17. What is non-identifying relationship?

Usually, in a data model, parent tables and child tables are present. Parent table and child table are connected by a relationship line. If the referenced column in the child table is a not a part of the primary key and standalone column in the child table, relationship is drawn by dotted lines by connecting these two tables, which is called as non-identifying relationship.

18. What is self-recursive relationship?

A standalone column in a table will be connected to the primary key of the same table, which is called as recursive relationship.

19. What is cardinality?

One to One, One to many, and many to many are different types of cardinalities. In a database, high cardinality means more unique values are stored in a column and vice versa.

 20. What is a conceptual data model and conceptual data modeling?

Conceptual data model includes all major entities and relationships and does not contain much detailed level of information about attributes and is often used in the initial planning phase. Data Modelers create conceptual data model and forward that model to functional team for their review. The approach by which conceptual data models are created is called as conceptual data modeling.

21. What is an enterprise data model?

Enterprise data model comprises of all entities required by an enterprise. The development of a common consistent view and understanding of data elements and their relationships across the enterprise is referred to as Enterprise Data Modeling. For better understanding purpose, these data models are split up into subject areas.

22. What is relational data modeling?

The visual representation of objects in a relational database (usually a normalized) is called as relational data modeling. Table contains rows and columns.

23. What is OLTP data modeling?

OLTP acronym stands for ONLINE TRANSACTIONAL PROCESSING. The approach by which data models are constructed for transactions is called as OLTP data modeling. Example: all online transactions, bank transactions, trading transactions.

24. What is a constraint?
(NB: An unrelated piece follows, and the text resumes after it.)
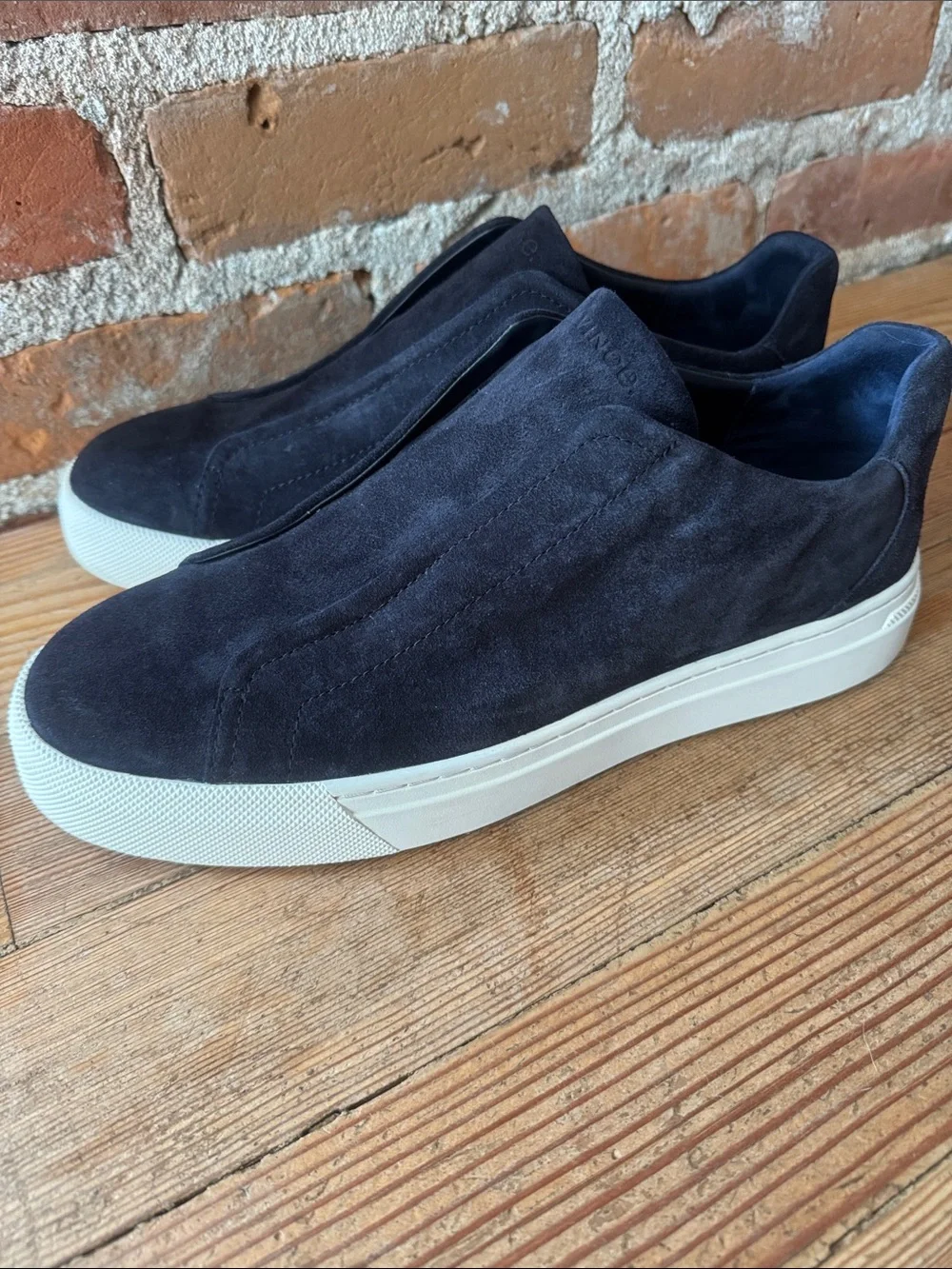 Vince Lakewood deep Navy Suede Sneakers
What are the different types of constraint?

Constraint is a rule imposed on the data.  The different types of constraints are primary key, unique, not null, foreign key, composite foreign key, check constraint etc.

25. What is a unique constraint?

Unique constraint is imposed on the column data to avoid duplicate values, but it will contain NULL values.
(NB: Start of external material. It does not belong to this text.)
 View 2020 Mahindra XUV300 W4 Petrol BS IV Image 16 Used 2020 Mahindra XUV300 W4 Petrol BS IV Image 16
 26. How many null values can be inserted in a column that has unique constraint?

Many null values can be inserted in an unique constraint column because one null value is not equal to another null value.

27. What is a check constraint?

Check constraint is used to check range of values in a column.

28. What is index?

Index is imposed on a column or set of columns for fastest retrieval of data.

29. What is a sequence?

Sequence is a database object to generate unique number.

Top Data Modeling Interview Questions asked in 2018:

  • what is Canonical Data Model?
  • What is Optionality?
  • What is Cardinality?
  • How columnar databases are different from the RDBMS Database?
  • What are the deliverables of a Data Modeler?
  • How do you present the data model to the business team and the technical team?
  • How do you maintain the data model after the project implementation?
  • How do you define the business rules in the data model?
  • Can you do shared role?
  • What is Enterprise Data Architecture?
  • What is Big Data Data Modeling?
  • What kind of knowledge you have in NO SQL Databases?
  • What is the difficult scenario you faced in Data Modeling?
  • What is the document equivalent to RTM (Requirement Traceability Matrix) in Data Modeling?
  • Which approach you followed: Inmon’s approach or Ralph Kimball’s approach? & Why?
  • As a Data Modeler, how can you ensure that the Data is available to customer 24/7, 365 days and the Data is most reliable?
  • What is the data modeling tool that you have worked?
  • How will you reverse engineer using a data dictionary in excel format?
  • Can we reverse engineer, upload an Excel file with entity name, attribute name and datatype to create a data model?
  • Why do you have a flat file in Data Warehouse environment without primary keys?
  • What is the difference between a domain and a datatype?
  • Under which scenario you would use recursive relationship, why and why not?for example: Hierarchical data set or Master-Detail data set?